With out dataset set up, we have to ask "how can a neural network handle variable length data". The answer, which is inspired by both [SchNetPack](https://github.com/atomistic-machine-learning/schnetpack) [3] and typical practices taken from natural language processing is __*input padding and masking*__. Input padding is preprocessing method that ensures all examples fed into a neural network in a batch are of the same size. This is accomplished by inserting or "padding" smaller size examples in the batch with 0's such that all examples in the batch are the same size as the largest example in the batch. Luckily, PyTorch has recurrent neural network utilities that add these and other related padding functionalities.

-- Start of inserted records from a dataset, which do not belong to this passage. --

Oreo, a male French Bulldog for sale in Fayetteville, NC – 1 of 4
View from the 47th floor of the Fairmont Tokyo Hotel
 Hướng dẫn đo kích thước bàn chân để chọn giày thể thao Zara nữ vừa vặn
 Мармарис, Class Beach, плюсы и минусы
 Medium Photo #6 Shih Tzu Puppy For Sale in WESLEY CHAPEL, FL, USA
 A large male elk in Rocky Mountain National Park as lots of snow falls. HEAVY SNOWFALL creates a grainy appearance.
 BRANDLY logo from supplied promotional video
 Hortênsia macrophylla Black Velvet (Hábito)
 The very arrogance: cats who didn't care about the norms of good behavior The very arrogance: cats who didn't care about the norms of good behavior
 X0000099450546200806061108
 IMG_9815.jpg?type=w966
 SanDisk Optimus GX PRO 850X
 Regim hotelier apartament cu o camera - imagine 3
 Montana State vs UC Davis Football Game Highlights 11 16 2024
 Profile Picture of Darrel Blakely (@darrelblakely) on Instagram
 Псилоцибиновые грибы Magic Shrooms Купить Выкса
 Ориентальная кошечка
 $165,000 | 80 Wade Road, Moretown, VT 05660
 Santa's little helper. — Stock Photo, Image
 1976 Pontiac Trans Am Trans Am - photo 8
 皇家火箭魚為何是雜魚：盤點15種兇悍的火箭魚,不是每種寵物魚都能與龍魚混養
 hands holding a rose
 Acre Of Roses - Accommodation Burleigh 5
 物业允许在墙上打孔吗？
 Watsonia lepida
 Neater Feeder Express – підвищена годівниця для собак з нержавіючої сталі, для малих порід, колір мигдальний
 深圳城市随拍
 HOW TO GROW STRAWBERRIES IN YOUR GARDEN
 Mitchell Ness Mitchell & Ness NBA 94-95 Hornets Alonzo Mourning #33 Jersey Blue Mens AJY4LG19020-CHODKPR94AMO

We have used these to create a special __*collating function*__ called `multi_molecule_collate` to work with `MultiMoleculeDataset`. This collating function must be passed to the `collate_fn` kwarg of a PyTorch `DataLoader` object, which combines a dataset with a sampler:

In [None]:
loader = DataLoader(varied_dataset, batch_size=3, shuffle=False, collate_fn=multi_molecule_collate)

for num, batch in enumerate(loader):
    coords, forces, embeddings = batch
    print("Coordinates size:", coords.size())
    print(coords)
    print("Forces size:", forces.size())
    print(forces)
    print("Embeddings size:", embeddings.size())
    print(embeddings)
    break # we just want to grab only the first batch from the data loader, so we break here.

We can see that padding gives us a way to stack all of the coordinates, forces, and embeddings into respective torch tensors that can be passed to a model. Note the locations of the padding zeros in relation to the raw ouput of `MultiMoleculeDataset` above. We can see that padding zeros have been appended to the ends of the smaller molecules' embeddings to reach the size of the embeddings of the largest molecule in the batch. Similarly, padding zeros have also been appended to the the coordinates and forces of the smaller molecules in the batch, such that their number of beads is artifically extended to match the number of beads of the largest molecule in the batch.

## Setting up the model

Now that we have a way to properly pad input from a dataset of variable length molecules, we can create our model and begin training. Here, we make a "classic" CGSchNet model in which the `CGnet` feature is just a `SchnetFeature` (no `GeometryFeature` or `FeatureCombiner` here) with the following architectural hyperparameters:

In [None]:
# Hyperparameters

n_layers = 5
n_nodes = 128
activation = nn.Tanh()
batch_size = 512
learning_rate = 3e-4
rate_decay = 0.3
lipschitz_strength = 4.0

# schnet-specific parameters
n_embeddings = 10
n_gaussians = 50
n_interaction_blocks = 5
cutoff = 5.0

num_epochs = 15

save_model = False
directory = '.' # to save model

We make sure to set the embeddings to the maximum number for the atomic embeddings of this system. Remember, by default we cannot use 0's for embedding integers - these are reserved for padding integers as shown above.

In [None]:
embedding_layer = CGBeadEmbedding(n_embeddings, n_nodes)

Becasue we are not using a `FeatureCombiner`/`GeometryFeature`, we must specify `calculate_geometry=True` in the `SchnetFeature` initialization. This allows the `SchnetFeature` to calculate pairwise distances on the fly:

In [None]:
rbf_layer = GaussianRBF(high_cutoff=cutoff, n_gaussians=n_gaussians)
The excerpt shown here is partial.